17. Letters of Credit. Notwithstanding anything herein to the contrary, prior to the Cash Collateral Termination Date, the Debtors may, pursuant to this Order, request the renewal or extension of existing letters of credit, provided prior to, or contemporaneously with, the delivery of such a request, the Debtors deposit in an account designated by the Revolver Agent (the “Letter of Credit Cash Collateral Account”) cash in an amount equal to 104.5% of the face amount of such letters of credit together with any fees associated with such renewal as provided in the Revolver.
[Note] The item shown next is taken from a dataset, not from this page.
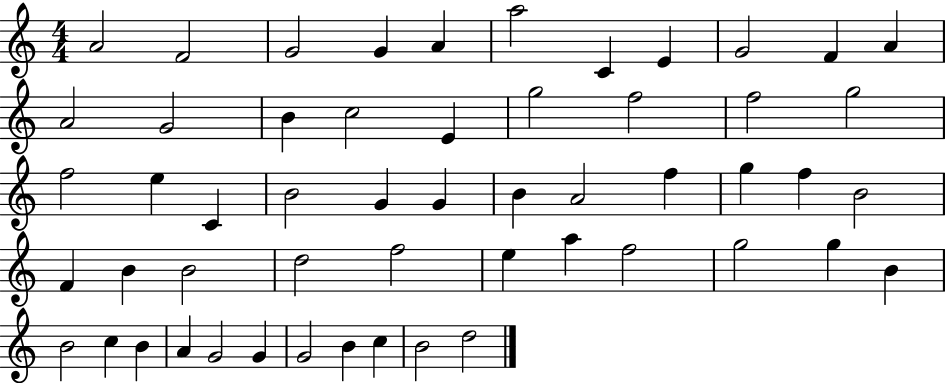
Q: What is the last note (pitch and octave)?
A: D5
This authorization shall not be subject to stay or injunction or affected by the Cash Collateral Termination Date, conversion of the Chapter 11 Cases to chapter 7, dismissal of the Chapter 11 Cases, the appointment of a trustee or examiner or otherwise.
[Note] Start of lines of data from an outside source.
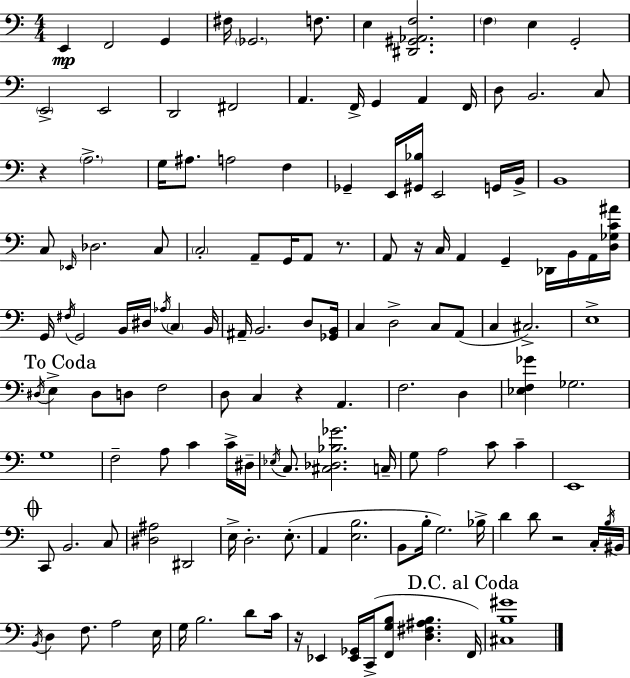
{
  \clef bass
  \numericTimeSignature
  \time 4/4
  \key a \minor
  e,4\mp f,2 g,4 | fis16 \parenthesize ges,2. f8. | e4 <dis, gis, aes, f>2. | \parenthesize f4 e4 g,2-. | \break \parenthesize e,2-> e,2 | d,2 fis,2 | a,4. f,16-> g,4 a,4 f,16 | d8 b,2. c8 | \break r4 \parenthesize a2.-> | g16 ais8. a2 f4 | ges,4-- e,16 <gis, bes>16 e,2 g,16 b,16-> | b,1 | \break c8 \grace { ees,16 } des2. c8 | \parenthesize c2-. a,8-- g,16 a,8 r8. | a,8 r16 c16 a,4 g,4-- des,16 b,16 a,16 | <d ges c' ais'>16 g,16 \acciaccatura { fis16 } g,2 b,16 dis16 \acciaccatura { aes16 } \parenthesize c4 | \break b,16 ais,16-- b,2. | d8 <ges, b,>16 c4 d2-> c8 | a,8( c4 cis2.->) | e1-> | \break \mark "To Coda" \acciaccatura { dis16 } e4-> dis8 d8 f2 | d8 c4 r4 a,4. | f2. | d4 <ees f ges'>4 ges2. | \break g1 | f2-- a8 c'4 | c'16-> dis16-- \acciaccatura { ees16 } c8. <cis des bes ges'>2. | c16-- g8 a2 c'8 | \break c'4-- e,1 | \mark \markup { \musicglyph "scripts.coda" } c,8 b,2. | c8 <dis ais>2 dis,2 | e16-> d2.-. | \break e8.-.( a,4 <e b>2. | b,8 b16-. g2.) | bes16-> d'4 d'8 r2 | c16-. \acciaccatura { b16 } bis,16 \acciaccatura { b,16 } d4 f8. a2 | \break e16 g16 b2. | d'8 c'16 r16 ees,4 <ees, ges,>16 c,16->( <f, g b>8 | <d fis ais b>4. \mark "D.C. al Coda" f,16) <cis b gis'>1 | \bar "|."
}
18. Cash Collateral Termination.

(a) Notwithstanding anything herein or in the Prepetition Financing Documents to the contrary, the Debtors shall no longer be authorized to use Cash Collateral pursuant to this Order, the Prepetition Financing Documents, or otherwise, and consent to the use of Cash Collateral shall be terminated (the “Cash Collateral Termination Date”) upon the earlier of (i) a date that is 180 days after entry of this Order (unless such date is extended in the sole discretion of the First Priority Agents after five (5) business days notice to the Creditors’ Committee and absent an objection thereto) and (ii) absent further order of the Court, the date that is three (3) business days after the First Priority Agents deliver written notice to the Debtors and the Creditors’ Committee of the occurrence of any of the following events (any event shall be referred to as a "Cash Collateral Termination Event”):

(I) material non-compliance by the Debtors with any term, covenant or provision in this Order (as it may be modified in accordance with this Order), subject to the Financial Covenant variance;

(II) the occurrence after the date hereof of a material adverse effect on any of the business, prospects, performance, assets, operations, condition (financial or otherwise), contingent and other liabilities or material agreements of the Debtors, taken as a whole;

(III) the entry of an order pursuant to Bankruptcy Code section 363 approving the sale of all or substantially all of the Debtors’ assets (but only in the event that the First Priority Agents have not first consented to such sale), provided, however, that to the extent that the net proceeds of such sale are sufficient to satisfy all of the Prepetition Secured Indebtedness, then such sale shall not constitute a Cash Collateral Termination Event until the closing of the sale;

(IV) the effective date of any plan of reorganization or liquidation of one or more of the Debtors;

(V) conversion or dismissal of the Chapter 11 Cases, provided, however, that if an order dismissing any of the Chapter 11 Cases under section 1112 of the Bankruptcy Code or otherwise is at any time entered, such order shall provide (in accordance with sections 105 and 349(b) of the Bankruptcy Code) that (i) the claims and liens granted pursuant to this Order or the Interim DIP Order to or for the benefit of the Prepetition Secured Parties shall continue in full force and effect and shall maintain their priorities as provided in and subject to the express limitations contained in this Order until all obligations in respect thereof shall have been paid in full in cash and satisfied in the manner provided in the Prepetition Financing Documents (and that such claims and liens shall, notwithstanding such dismissal, remain binding on all parties in interest); (ii) prior to dismissal, the applicable Debtors shall deliver to the First Priority Agents and record, at the Debtors’ cost, financing statements, mortgages and other documentation evidencing perfected liens in the Collateral and (iii) this Court shall retain jurisdiction, notwithstanding such dismissal, for the purposes of enforcing such claims and liens;

(VI) entry of any order pursuant to sections 364(c)(1) and (d)(1) of the Bankruptcy Code authorizing the Debtors to obtain credit that is payable on a senior priority or pari passu basis with the First Priority Indebtedness without the written consent of the First Priority Agents; provided, however, that the Debtors may, upon further order of the Court, (a) obtain credit that is payable on a junior basis to the Prepetition Secured Indebtedness and (b) incur obligations contemplated by the Budget that are secured by letters of credit or Cash Collateral; provided, further, however, that nothing herein shall prevent or restrict the rights of the Prepetition Secured Parties from objecting to the request for any such order referenced in (a) or (b) herein;

(VII) failure of the Debtors to make the payments specified in paragraph 7 to or on behalf of the First Priority Secured Parties; or

(VIII) this Order ceases to be in full force and effect.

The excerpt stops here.